Introduction | Workflow


Filtering—Bowtie filters the input reads against abundant sequences, such as mitochondrial or ribosomal sequences, as defined by iGenomes at
Only sequences that do not align against abundant sequences are passed through to the next phase of the analysis. Bowtie filters read pairs when at least 1 read aligns to an abundant sequence. Also, Bowtie trims off 2 bases from the 5’ end of the read because of a high mismatch rate from these 2 bases in the RNA-Seq libraries. See Bowtie.
Alignment—The STAR or TopHat2 aligner performs a spliced alignment of the filtered reads against the genome. Based on the user-specified genome, STAR or TopHat aligns reads against known transcripts and splice junctions. See STAR.
Alignment to ERCC—If selected, STAR aligns all reads to the ERCC RNA spike-in sequences, independent of alignment to the transcriptome. The aligner counts reads that align to each spike-in sequence, calculates FPKMs, and computes the correlation between FPKMs and the expected spike-in concentrations.
Fusion Calling—If selected, the STAR aligner supports Manta-fusion and the TopHat aligner supports TopHat-fusion. First, TopHat2 is used to detect fused alignments. Then, a post-alignment analysis script identifies candidate fusion genes from the fused alignments. See Manta .
Variant Calling—The Isaac Variant Caller performs variant calling, which produces gVCF output files. For stranded library preps, the strand bias filter is disabled.

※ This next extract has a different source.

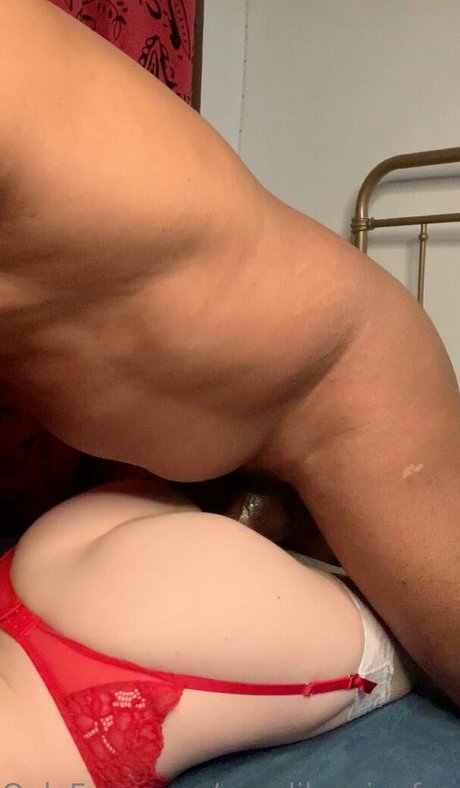 sexylibrarianfreexx ホットなポルノスター 写真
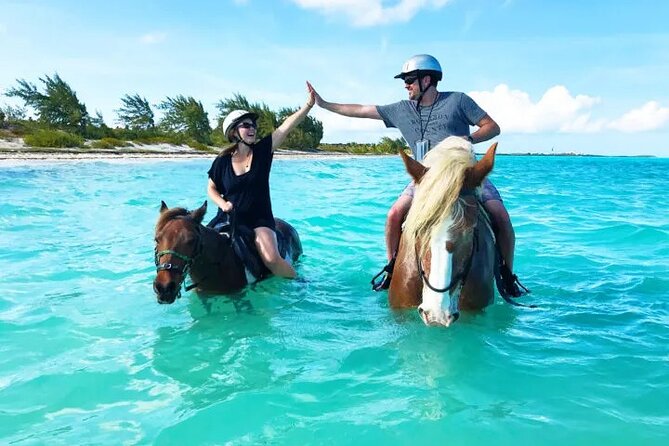 Horse Riding on the Beach With Transfer From Sharm El Sheikh - Inclusions and Pricing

Also, the Isaac variant caller uses the -bsnp-diploid-het-bias parameter to expand the range for the heterozygous variant call, in order to account for allele-specific expression.
The Isaac tool uses a RNA-specific random-forest-based variant scoring model, which was built using Platinum Genomes data as a reference. See Isaac Variant Caller.
Quantification—Cufflinks quantifies reference genes and transcripts. RnaReadCounter counts the number of aligned reads matching each annotated gene. See Cufflinks and RnaReadCounter.
Novel Transcript Assembly—If selected, transcripts are assembled and quantified independently for each sample.